I checked all my passwords and they were correct, so I'm not sure why I got a wrong password message. Any advice?
That is interesting. Okay, the error message is overly specific. But the error is on JournalFen's side, and it's likely transient. I will make it retry in this case, however. One sec; new version in mere minutes.
This is really awesome! I ran into a snag, though.

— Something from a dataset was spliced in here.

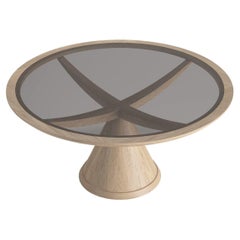 Round Pedestal Dining Table With Bronze Glass Top And Custom Oak Finishes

It successfully transferred 277 entries, then gave me this:

277 entries migrated or updated on destination.
Fetching journal comments for: exsequar
Traceback (most recent call last):
File "./ljmigrate.py", line 990, in ?
main(retryMigrate)
File "./ljmigrate.py", line 885, in main
synchronizeJournals(gMigrate)
File "./ljmigrate.py", line 821, in synchronizeJournals
cmt = Comment(comment)
File "./ljmigrate.py", line 560, in __init__
self.__dict__[k] = dict[k].decode('utf-8', 'replace')
AttributeError: 'unicode' object has no attribute 'decode'

Then it stopped. Looking at my GJ, posts up through Oct 5, 2005 made it, but without any comments or icons. I just started running it again, and it started at the next entry and is going fine, but I don't know if it will hit the same snag when it tries comments again. I have no technical knowledge about any of this, so sorry if I'm being dumb! :) You've put together a really easy to use system here, thank you so much!
Two pieces of bad news:
- Comments can't be migrated. (They can be backed up locally, though.)
- Icons can't be migrated. (They can be backed up locally as well! For easy re-upload. All you need to do is upload them at GJ, with the same keywords, and your posts will have the right icons again.)

One piece of good news:
I think I fixed the other bug. I have had the worst time today with coercing data into unicode strings in Python. Grrrrrr. Please grab the latest? Thanks for putting up with my bugs.
Success!
Wow. That completely rocked. Made a local copy of my 48 entries in probably less than a minute, and the install and setup took just a few. I had forgotten how much I love command-line interfaces. Thanks so much for putting this out here.
Re: Success!
Yay! Small data sets do better :) It's the people with huge amounts of unpredictable data who are causing me all the headaches.
*hugs you to death* It's WORKING OMG :). I'd resigned myself to just migrating my stuff to WordPress by use of my sister's Windows laptop, but now I can actually *do* the crossposting thing if I want! Thanks buckets, will tell you if any bugs come in.